While you don’t necessarily have to ski them on a weekday morning, the Redster G9 loves speed and loves wide open trails. Letting them run unlocks their true potential. They’re not the best or most practical at slower speeds, and if you’re still working on achieving true carving turns, it’s probably not for you either. If you’re comfortable driving a ski, comfortable with speed, and want race-level performance out of your frontside skis, they’re hard to beat.


Parker Herlihy

Age: 21Height: 6'4"Weight: 190 lbs.

Ski Style: Freeride fun with big air on the brain

Marcus Shakun

Age: 39Height: 6'5"Weight: 225 lbs.

Ski Style: Powerful, but playful with the terrain

James Stewart

Age: 30Height: 6'2"Weight: 170 lbs.

Ski Style: Energetic, playful, and fun to follow

Mike Thomas

Age: 50Height: 6'3"Weight: 215 lbs.

Ski Style: Upright, fluid, nimble, and powerful

Justin Perry

Age: 29Height: 5'9"Weight: 167 lbs.

Ski Style: Aggressive all-mountain freeride

4 Comments on the “2020 Atomic Redster G9”

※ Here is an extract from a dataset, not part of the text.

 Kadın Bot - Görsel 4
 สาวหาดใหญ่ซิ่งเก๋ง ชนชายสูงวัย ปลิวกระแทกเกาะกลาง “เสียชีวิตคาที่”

  1. I’m curious about your thought on the Stockli GS vs the G9 – especially in terms of power, rebound and energy in the turn.

    1. Hi Pete!
      I wouldn’t take the Stockli too far out of a race course, while the G9 has a bit more versatility and user-friendliness. If you can drive a ski, you’ll get better rebound and energy out of the Stockli, but that’s going to be a full-time job. You’ll have a little leisure time on the Atomic. Hope that helps!

  2. Hi Gents,
    I have a 2018 HEAD Supershape I.Titan in 177cm which I completely adore. Very easy to ski and plenty of support on edge and at higher speed. I’m looking for something a little shorter and a little different yet offering full control at high speed.
    I and am considering the Atomic Redster G9 in 171cm, does this maeks sense to you. 50 years old, pretty aggressive skier and often on icy conditions in my world. I’m thinking the S7 might be too demanding and nervous. Would I still be able to ski the G9 at rather small-medium turns when required but spend most of the time on larger radius
    Thanks very much!

    1. HI Yanick!
      I think if you’re downsizing in the G9, the shorter turns will be easier to come by without sacrificing too much in the top end. Have fun!